Yvan Mayeur prolonge: "Je suis pour qu’on aille plus vite dans l’adoption d’un arsenal de mesures comme l’installation d’un péage à l’entrée de Bruxelles pour les voitures jusqu’à l’interdiction pure et simple de certains véhicules en ville – comme les gros pollueurs diesels. Je regrette parfois qu’on n’ait pas le courage politique à certains niveaux d’avancer là-dessus." Il embraye: "La voiture de société, c’est un détournement du régime salarial. La question n’est pas la voiture ou pas la voiture, la vraie question, c’est de payer correctement les gens dans les entreprises. Plutôt que d’offrir une voiture, on a qu’à augmenter les gens de 400 euros. L’équation c’est celle-là. C’est une question salariale."

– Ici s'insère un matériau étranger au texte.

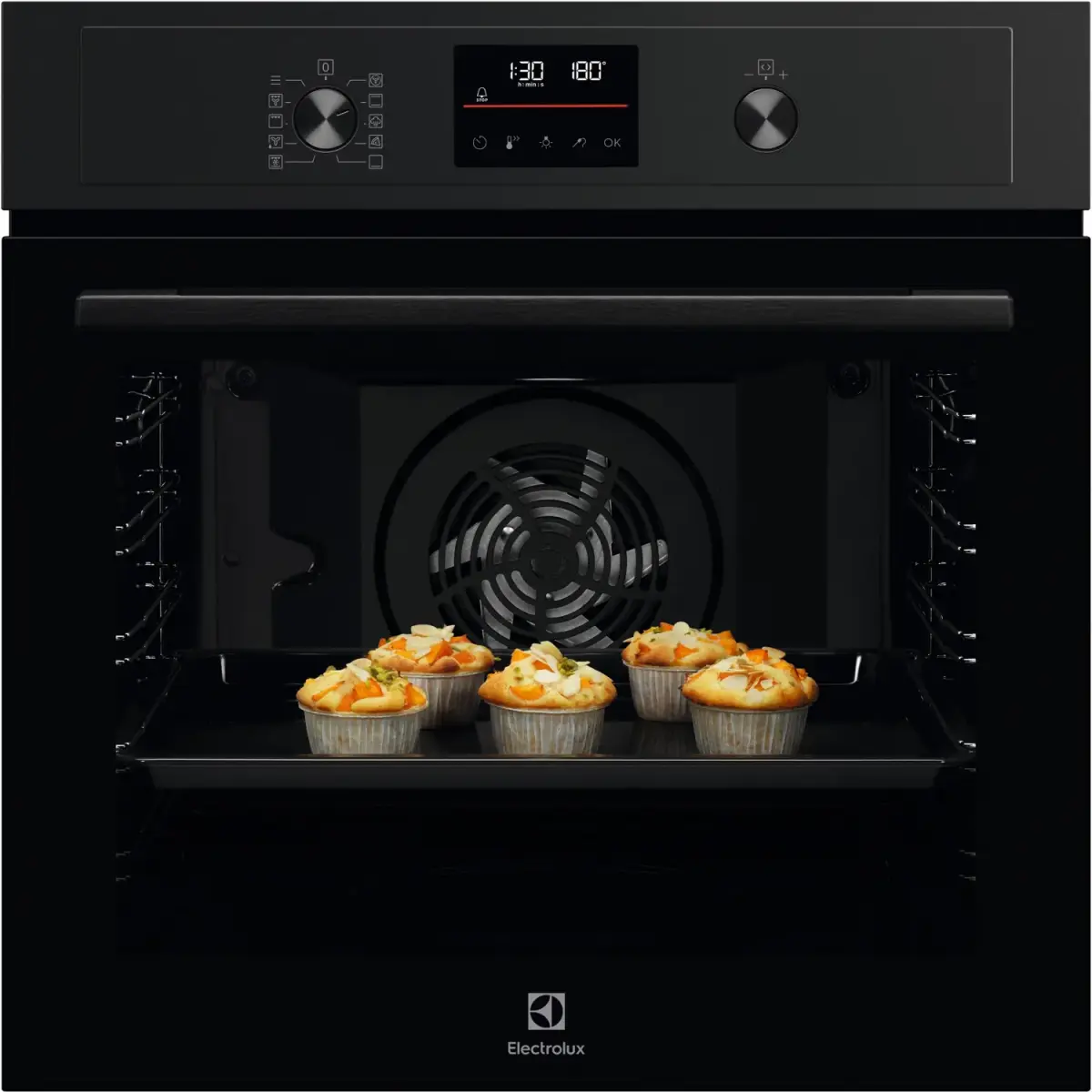 Electrolux 600 series oven (built-in), 72l, black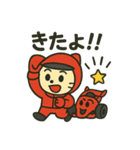 F1赤レンジャーくん（個別スタンプ：24）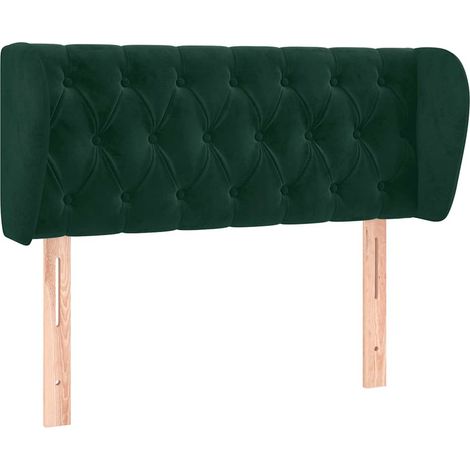 Maison Exclusive - Testiera ad Orecchio Verde Scuro 103x23x78/88 cm in Velluto (1/5)
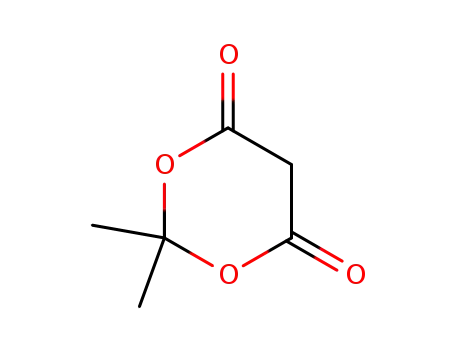 Molecular Structure of 2033-24-1 (2,2-Dimethyl-1,3-dioxane-4,6-dione)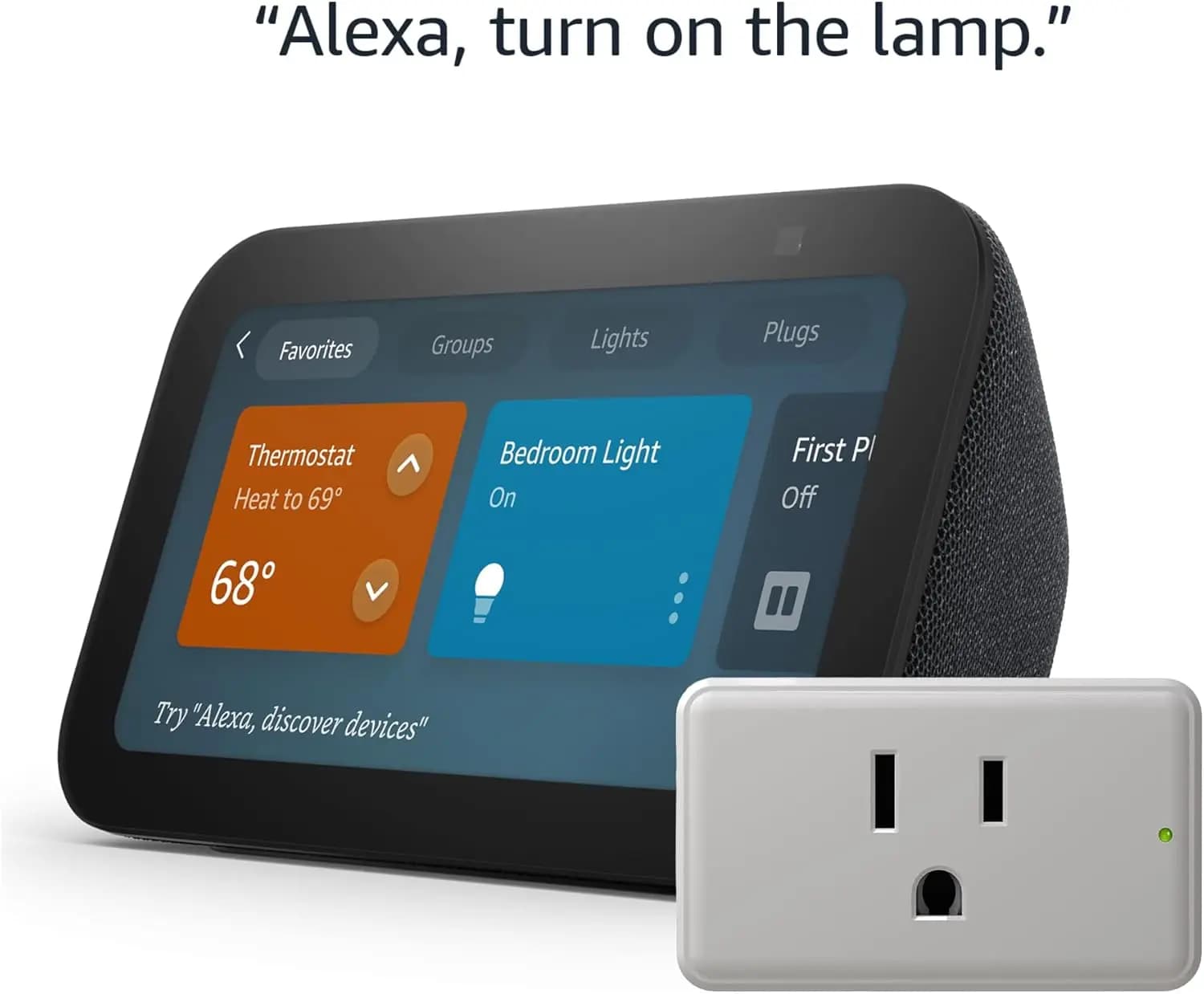 Display Intelligente con Controllo Vocale e Presa Compatibile per Domotica
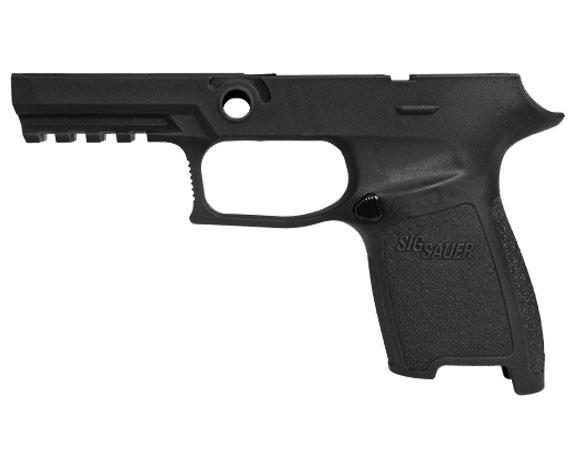 P320 COMPACT 9MM/40/.357 GRIP MODULE - BLACK, LARGE GRIP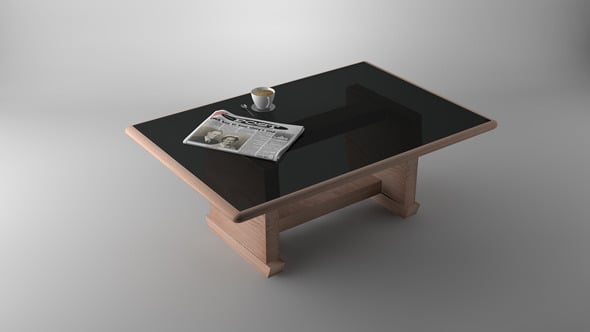 Modern Coffee Table - 3DOcean Item for Sale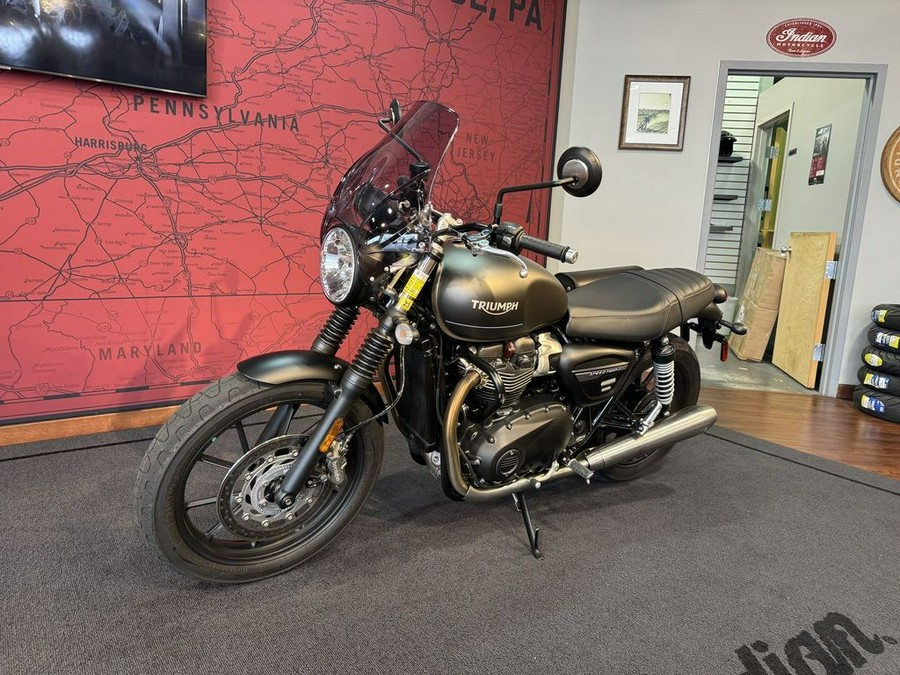 2023 Triumph Speed Twin 900 Matte Silver Ice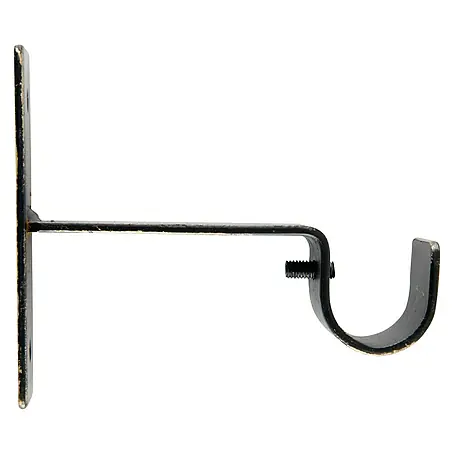 Soporte de pared Antique negro y oro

"Perte de temps sur le métro, c’est vrai. Structurellement, la Ville de Bruxelles, la Région n’ont été administrées pendant des années que pour des intérêts extérieurs à Bruxelles, avant qu’on crée la Région bruxelloise. La base du métro n’intéresse donc pas les Bruxellois mais plutôt ceux qui viennent de l’extérieur, les navetteurs, il a fallu attendre la création de la Région pour qu’on commence à voir cela évoluer; mais il y a eu des résistances de certaines communes – Uccle en tête – contre le développement du métro. Ce sont des erreurs historiques que notre génération politique paye encore aujourd’hui."

Et le métro? "C’est le transport du futur, pas nécessairement en sous-sol. Il faut faire preuve d’ingéniosité et de modernité. Il y a des formules plus légères, des métros aériens, etc. Nous sommes tous amenés à voyager partout en Europe, on est toujours satisfait de prendre le métro. Sauf à Bruxelles. Il y a une raison à cela: le réseau n’est pas développé, il n’est pas confortable et donc, on ne l’utilise pas. À Londres, à Paris, c’est différent."